Garmus spent the bulk of her childhood in Riverside, California, before her father’s work as an entomologist took the family overseas. Before becoming a homemaker, her mother had been a nurse. “I hadn’t really appreciated how many limits had been imposed on that generation until I started doing the research,” Garmus said, describing how she became aware of what it meant to women, “giving up your career, and then being called average all the time.”

Garmus is adamant that the uncompromising Zott — glamorous, tough, relentlessly logical — is not based on any one person, but said that the book is something of “a love letter to scientists and the scientific brain.” She never wanted to be a scientist herself, she said, but worked for a few years at a science textbook company, and “admired the fact that they were going after this world that we hadn’t yet understood.” Garmus’ husband is a scientist, as well.

The title also communicates the author’s genuine enthusiasm for pedagogy. “We should treat science education like we do reading,” she said, and “have kids experimenting and failing at an early age and getting used to getting past failure.”

For this novel, Garmus learned chemistry from a 1950s text written several years before the novel’s setting, to avoid anachronisms. “Bonnie has such integrity,” Blunt said, “and absolute discipline and very high standards. She’s happy to own that. She’s right, without embarrassment.”

While there’s an element of luck to any such commercial triumph, the timing seems to have been crucial to this one. Whether it’s the book’s characters, its messaging or the escape to a time when the feminist discussion was less fraught, readers are hungry for it.
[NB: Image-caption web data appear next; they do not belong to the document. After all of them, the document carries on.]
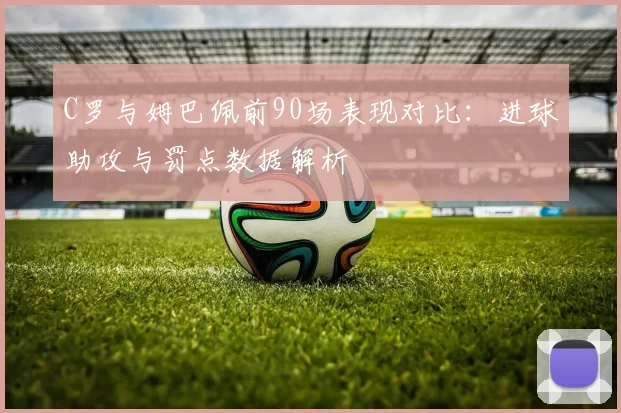 C罗与姆巴佩前90场表现对比:进球助攻与罚点数据解析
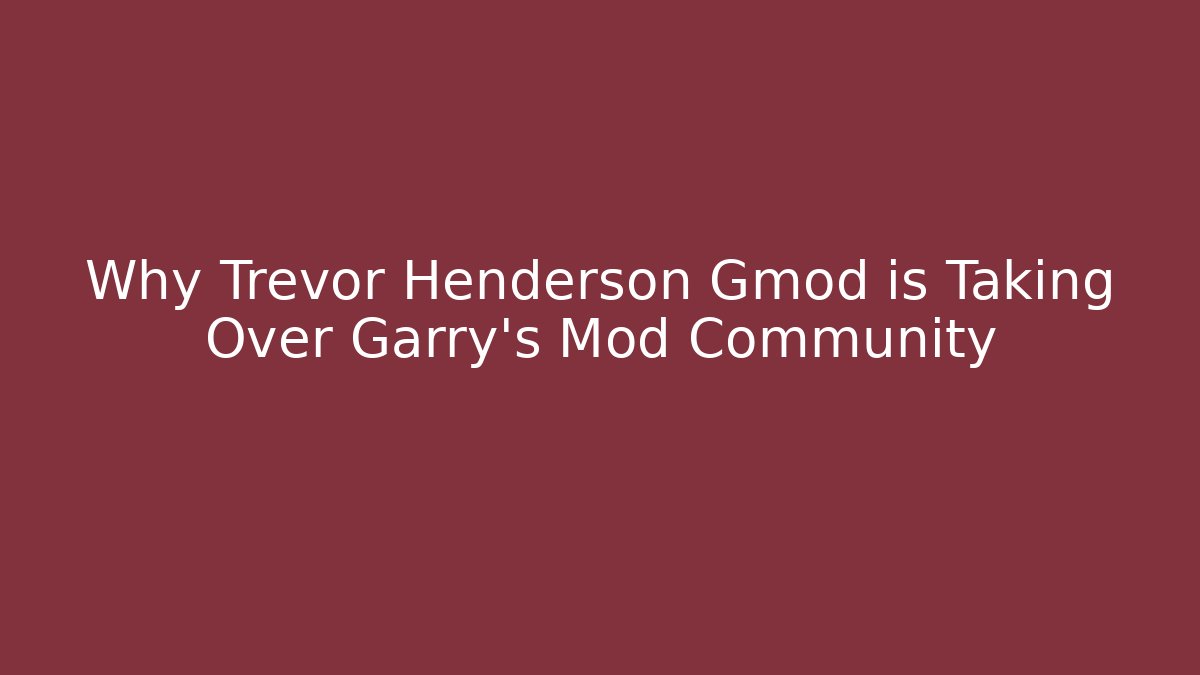 Why Trevor Henderson Gmod is Taking Over Garry's Mod Community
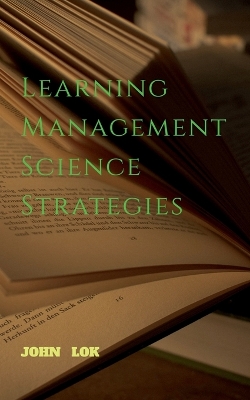 Book cover for Learning Management Science Strategies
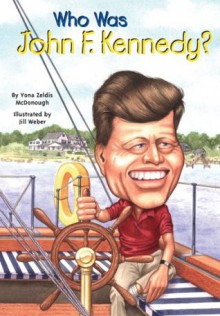 Who Was John F. Kennedy?: Who Was...? - Yona Zeldis McDonough, Jill Weber, Nancy Harrison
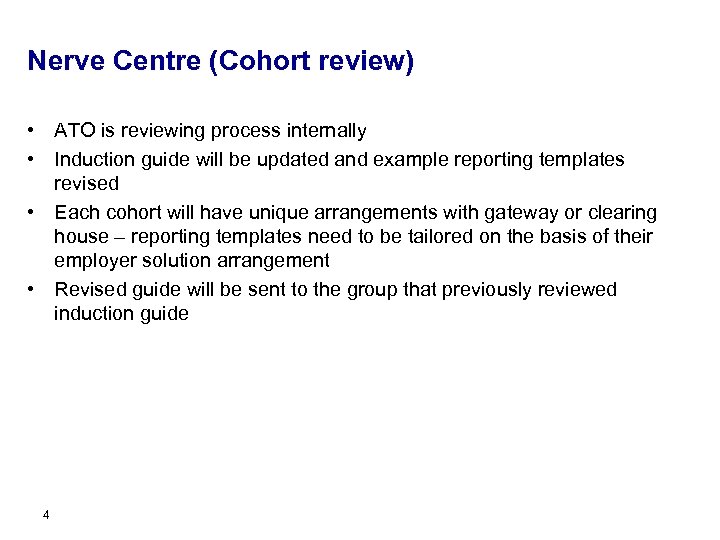 Nerve Centre (Cohort review) • ATO is reviewing process internally • Induction guide will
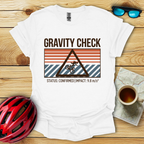 Gravity Check T-Shirt
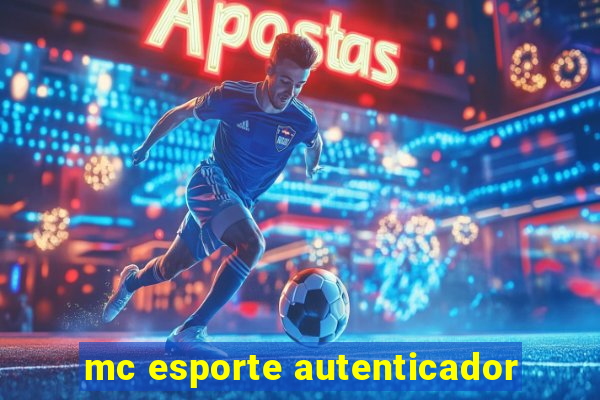 mc esporte autenticador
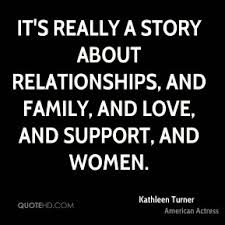 Kathleen Turner Family Quotes | QuoteHD via Relatably.com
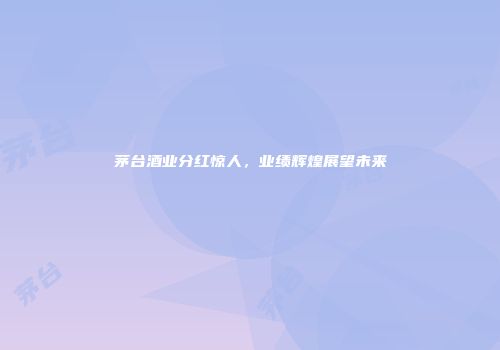 茅台酒业分红惊人，业绩辉煌展望未来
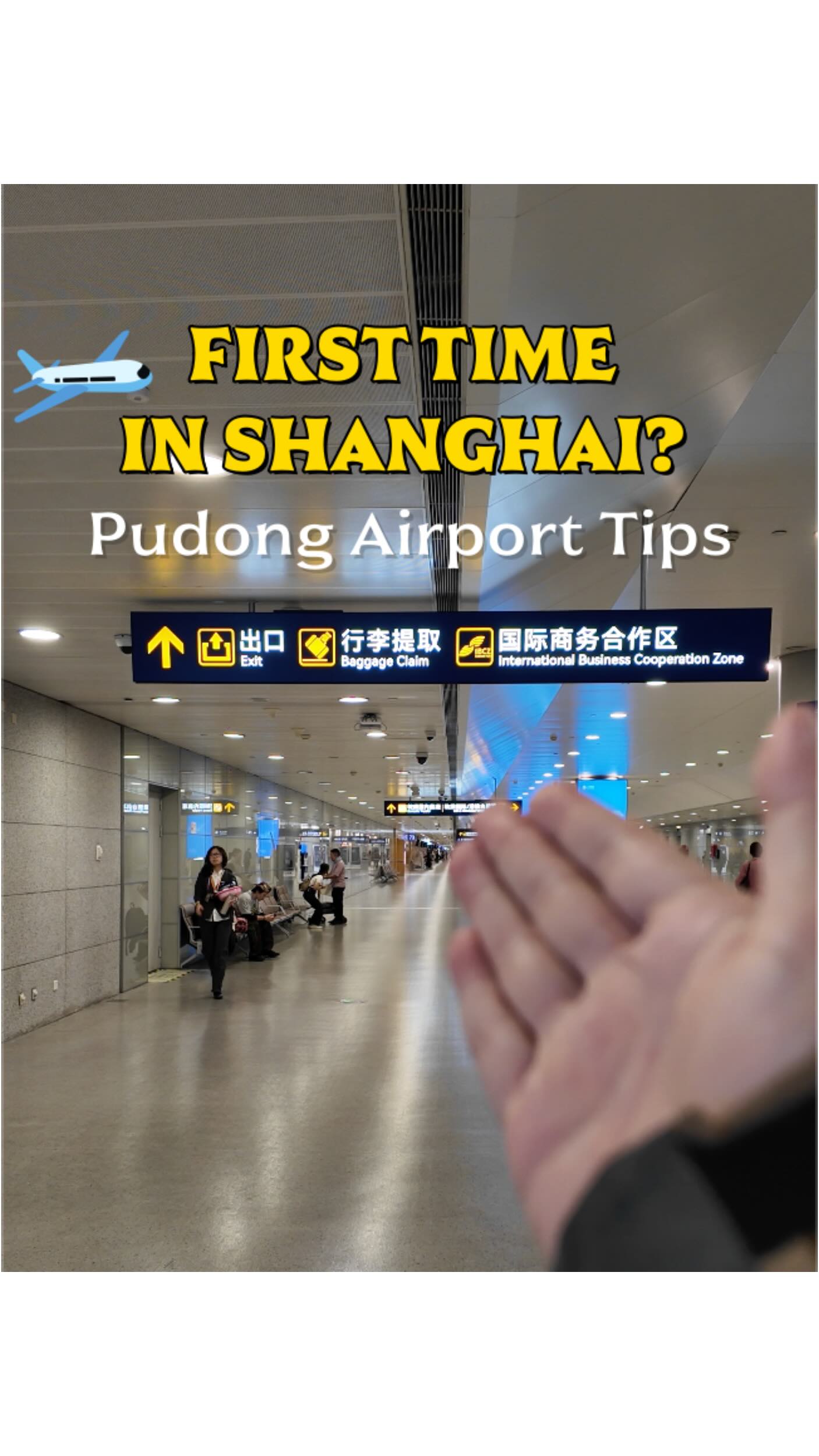 Shanghai Airport Arrival Tips for New Visitors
“Look, there have been a lot of hard things about our lives these past couple of years,” Joel said. “And the little bit of escapism that comes from walking around in somebody else’s shoes for a little while and seeing them rise and overcome and sort of get justice and find happiness … Perhaps we could use more of it.”

As Garmus puts it, she wrote the character she needed. “I felt like I was writing my own role model, and so she came easily.”

Based on the letters Garmus receives, “Lessons in Chemistry” has struck a chord with a wide swath of readers, although the American cover might have scared off a few men. Garmus recalls talking to an all-male book group whose members were initially dissuaded by the novel’s Jordan-almond palette.

“But as I’m fond of saying,” Garmus said, “the book isn’t anti-men, it’s anti-sexism.”

The irony, as some readers have pointed out to Garmus, is that Zott would have hated being portrayed looking coyly flirtatious. Ultimately, Garmus said, “I think you have to listen to your publisher, and they have a lot of experience.”

“Lessons in Chemistry” is a book that defies easy categorization and which, depending on which of its suitors had won, or which direction the winning house had decided to take, might have gone a number of ways. For the same reason, it appeals to a range of readers. And whether because of the cover or in spite of it, the book hit its mark; sales are off the charts. Even the kind of rowing machine Zott uses has seen a spike in sales. And the book is now being added to syllabuses: One high-school teacher, says Garmus, is making her students read “Lessons in Chemistry” for a class on the American dream.

What surprised Garmus the most about the book’s success, she said, has been readers’ reports of how “Lessons in Chemistry” spurred them to change their lives.

“People have quit their jobs and gone back to school or people have gotten divorced because they recognize themselves,” Garmus said. “Sometimes I want to say, ‘You know it’s fiction, right?’ But on the other hand, it was what I was trying to get across. You can really do what you need to do. You just have to dig in really hard and not expect it to be very easy.”

Zott is a catalyst, she adds. “She’s actively breaking and creating new bonds. And that is chemistry at its most basic.” And the U.S. paperback’s cover, she said, will “look different.”